Below are records with pictures. Reproduce exactly the lines from the line with "Victory Red /" to the line with "Paris Moulin Rouge", inclusive, and leave each picture out.

**DATA**
#####
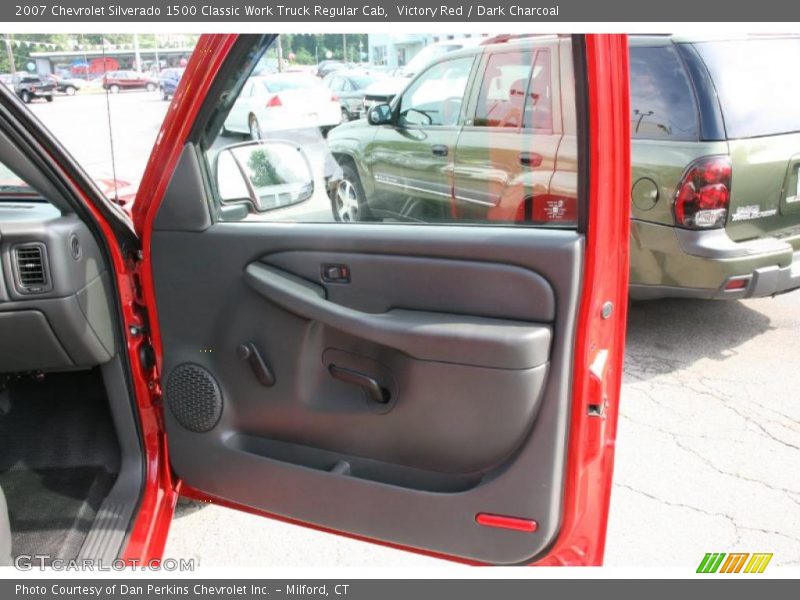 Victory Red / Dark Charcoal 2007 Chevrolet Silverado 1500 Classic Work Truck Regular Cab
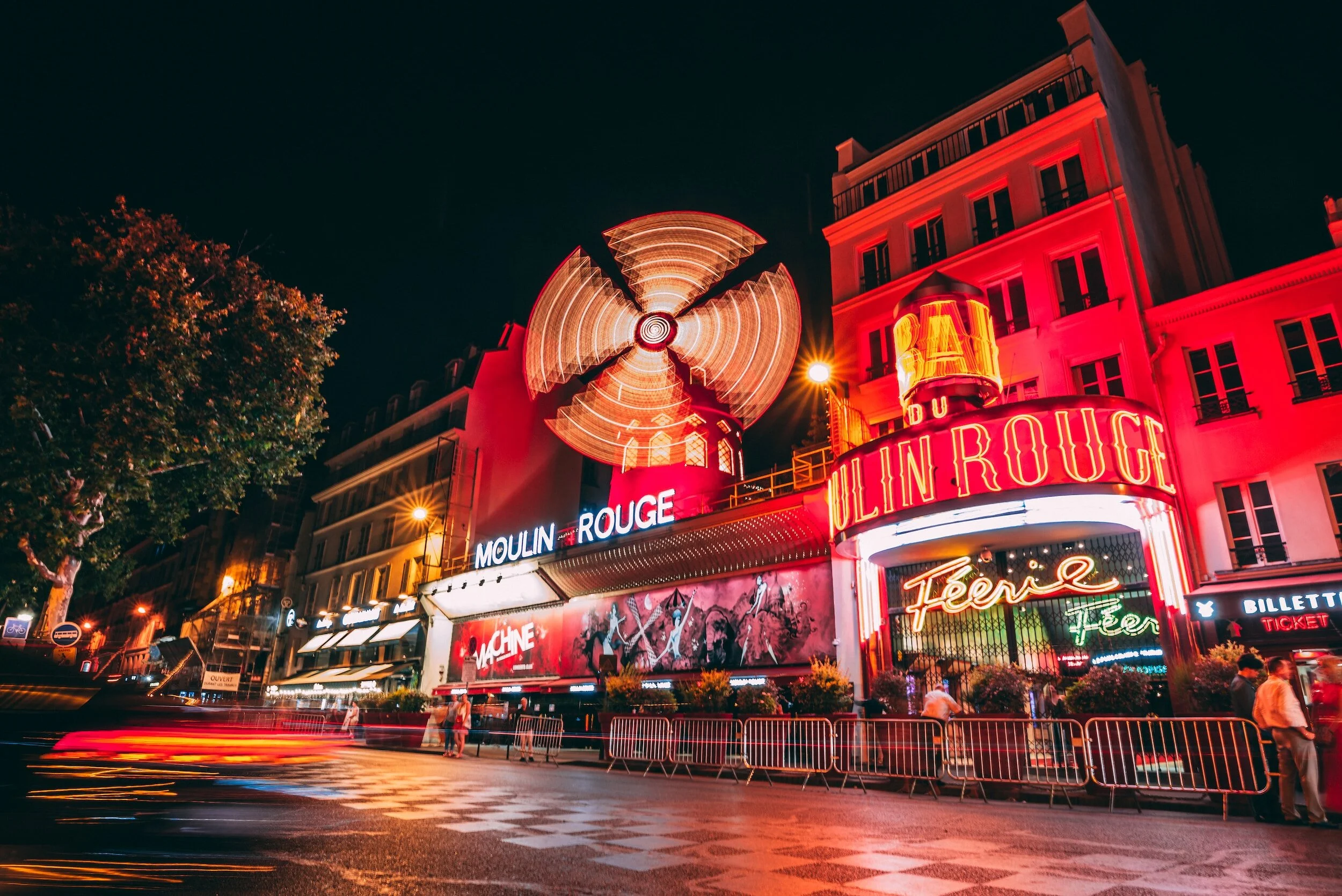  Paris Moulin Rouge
#####
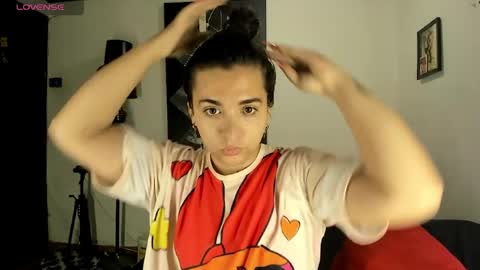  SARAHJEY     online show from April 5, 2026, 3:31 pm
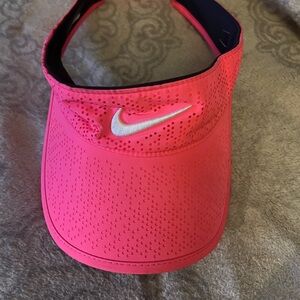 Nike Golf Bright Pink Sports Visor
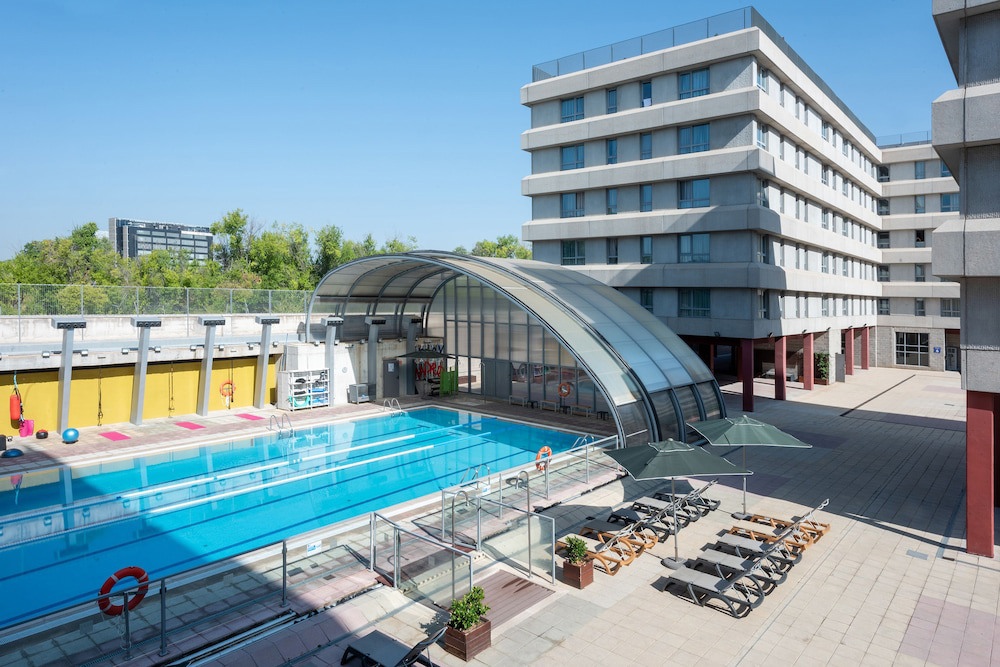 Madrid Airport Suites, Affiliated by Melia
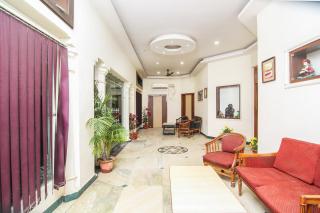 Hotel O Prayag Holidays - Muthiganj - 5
#####
**YOUR RESPONSE**
 Victory Red / Dark Charcoal 2007 Chevrolet Silverado 1500 Classic Work Truck Regular Cab
  Paris Moulin Rouge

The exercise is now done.